Недавно я общалась с его кузиной Наташей Каплан, которая приезжала к нам на спектакль. Она сказала, что Сенцов отказывается от свиданий с родственниками. А если заключенный отказывается от свиданий с родственниками, это означает, что он находится в критическом положении. Дальше уже люди обычно вскрывают вены. Это глубокая депрессия, это очень страшно, и мне, например, совершенно непонятна позиция украинской стороны.
— Действительно, в отличие от истории с Савченко они ничего не делают.
— Да. Человек сел вообще за вас, как бы. Он сел, по сути, за то, что он имеет такую позицию по Крыму и активно просто высказывался. Ну хотел статую Ленина взорвать, ну и чего? ***** она нужна? Ну серьезно. И офис «Единой России». Да все хотят взорвать офис «Единой России», тоже мне.
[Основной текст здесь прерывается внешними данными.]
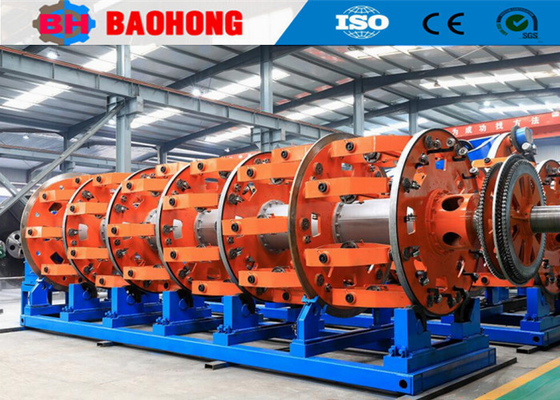 Máy bọc cáp dải xoắn ốc 500 mm NSK Bearing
И он сидит, не знаю, в Сибири. Нужно говорить об этом каждый день.
— А есть смысл? Вы вышли на свободу почти три года назад. Что вам удалось сделать?
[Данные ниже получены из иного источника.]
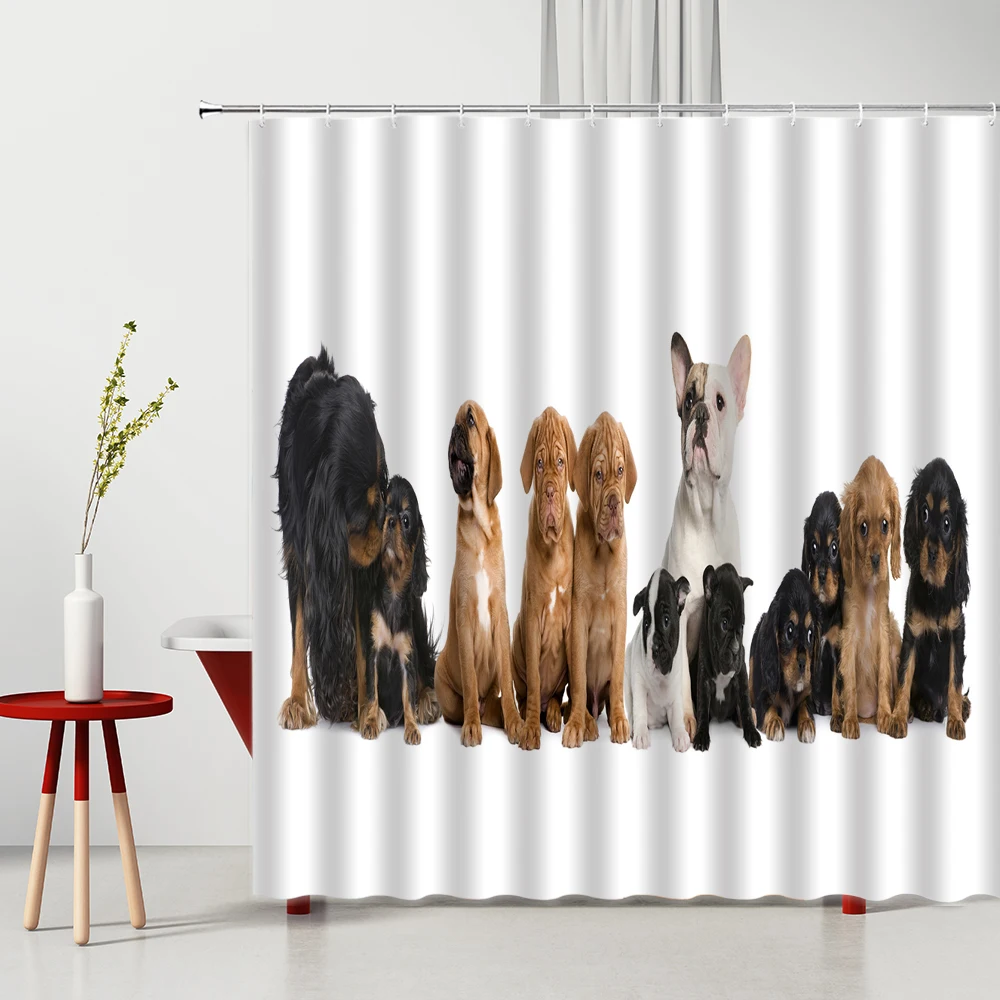 Душевая занавеска для домашних животных, Полиэстеровая моющаяся перегородка для ванны с милым рисунком животных, товары для домашнего деко...
Душевая занавеска для домашних животных, Полиэстеровая моющаяся перегородка для ванны с милым рисунком животных, товары для домашнего деко...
— Еще в колонии я поняла, что можно заниматься правозащитной деятельностью и побеждать. И это, на самом деле, очень крутое чувство, потому что, если ты живешь в России и если ты в оппозиции, то кажется, что максимум, что ты можешь, — это быть жертвой. А жертвой быть вообще не хочется. И когда я поняла, что в колонии можно побеждать, можно добиваться увольнения сотрудников, можно делать так, что та власть, которая перед тобой находится в виде этих начальников, будет краснеть, прятаться по углам и вылетать со своих мест, вот это чувство победы — оно потрясающее. Именно поэтому мы решили продолжать это делать после освобождения.
— Вы с Надей?
— Да. И Петей [Верзиловым]. Та поддержка, которая была нам оказана, и с помощью которой мы смогли вообще чего-то добиваться в колониях, эта поддержка, как оказалось, может быть передана дальше, другим людям, которые в ней нуждаются. С нашей помощью. Мы все трое были основателями «Медиазоны». Мне кажется, трансформация той странной и безумной известности, которая на нас выпала, в социальный проект, — это как раз то, чем стоит гордиться.
— Вы сейчас с Надей общаетесь?
— Нет.
— А почему вы поссорились?
— Так получилось.
— Вы же вместе занимались правозащитной деятельностью…
— Так мы и занимаемся.
— Все-таки дело в личных причинах или каких-то принципиальных разногласиях?
Да нет никаких, наверное, принципиальных разногласий… [Представляет, что смотрит на себя со стороны.] Господи, и вот этот человек собирается еще чего-то публично делать. Она же даже на один вопрос не может ответить! О чем мы вообще говорим?. 28 лет, а мозгов, *****, [нет]… Эх, Маша, Маша… Тюремщиков мы, значит, можем разгонять, а о себе мы, значит, не можем поговорить, да? Ну, найс.